"...the visible world seems formed in love, the invisible spheres were formed in fright." - H. Melville 1819-1891
REVIEW: I like the villain in this. The Judge is a vigilante who doesn't act as his own executioner, but rather hires killers just out of prison to do his dirty work for him. And it's not so much about putting hits out on people as it is amputating some part of their bodies so they can think about what they've done before they bleed out and get thrown to the pigs. And if the Judge hadn't also needed to send the offending body parts to the victims' widows, Bletch would never have roped Frank into the case and he would never have been caught. But that the Judge knows what the Millennium Group is, and actively WANTS a worthy adversary, means he could have become the Joker to Frank's Batman, or Moriarty to his Holmes. One finds and stops killers, the other recruits them. There's a good bipolarity to it. Alas, the Judge's hubris makes him trust the wrong man, and his latest recruit kills him. It's a bit of an anti-climax, because we never see it or suspect it until we're told it happened, and if there's ambiguity in Bardale's confession, and the hope that the Judge escaped to fight another day, they are dashed when his body is found in the episode's final shot.
If the Judge was worthy of Frank's attention, I'm afraid Ted Mann's script wasn't worthy of the Judge. It hangs way to much on lucky coincidence to advance its plot. Mann has trouble getting Catherine into the story, so he has her deliver a crucial clue she got from office gossip? Come on. The latest victim and his killer, just killed by the Judge for being incompetent, are put on adjoining slabs in the morgue so Frank can draw a connection between them, another lucky break that's completely mishandled visually to boot - Frank looks at blood under the killer's fingernails, so we know WHAT the connection is, but then doesn't tell Bletch the nature of the connection so that the cops keep thinking he's a lunatic?! Come ON. And lucky breaks keep happening. Frank and Bletch visit all the bars ex-convicts are known to frequent, and Bardale walks into their "last chance". The Judge admits to everything to Frank in a police interrogation room, but no cops were listening in. Even the nature of the Judge's immunity to prosecution is vague to the point of convenience. Annoying.
Still, there are some cool things in the episode.

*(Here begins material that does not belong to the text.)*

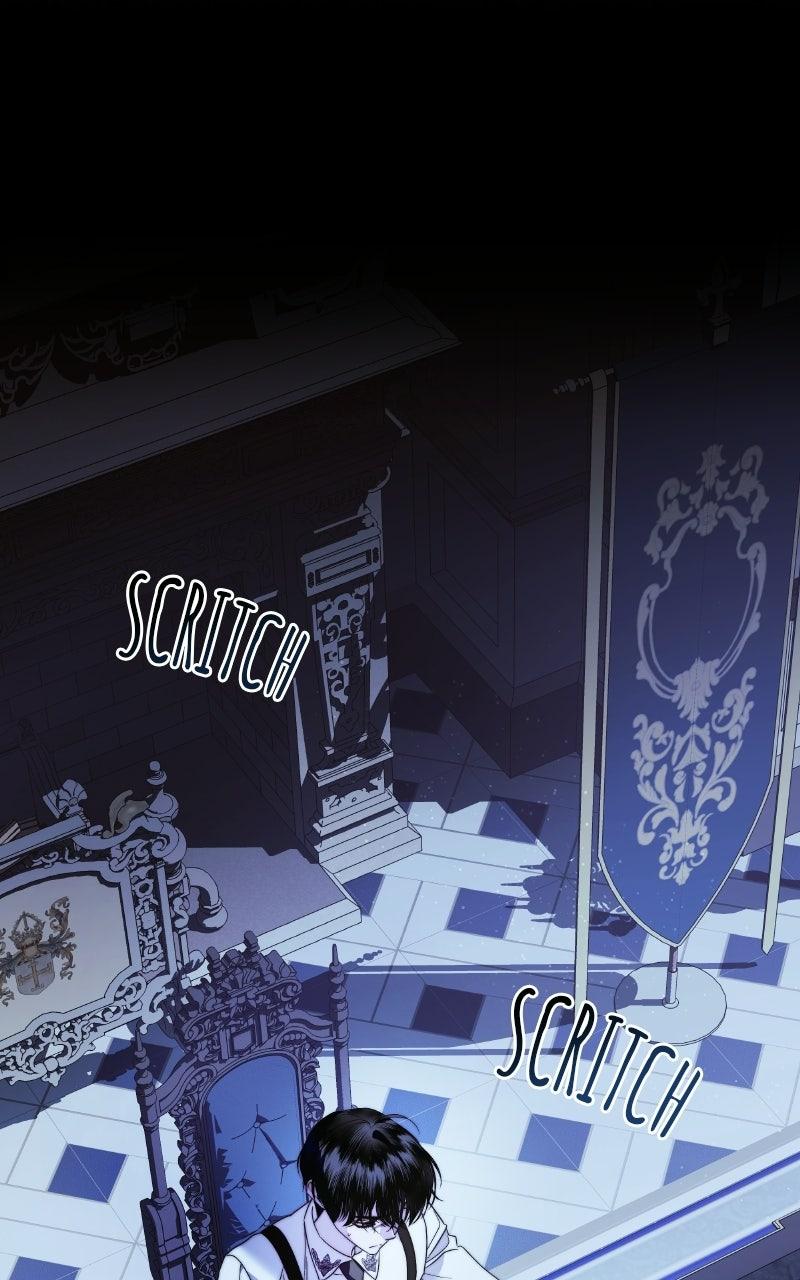 I Only Need Our Child,Your Grace Chapter 5 page 8 -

CCH Pounder shows up as a recurring Millennium Group forensics expert (wooo!). The murders are creepy, especially the first one where the camera keeps suggesting a guy will be killed because the way he eats coleslaw is disgusting. The bowling ball as a murder weapon. The Judge's speeches and his attempt to hire Frank, seeing in him the same thirst for justice, even if they don't define it the same way.
REWATCHABILITY: Medium - An intriguing villain is somewhat wasted in a lazy script where things happen because they have to.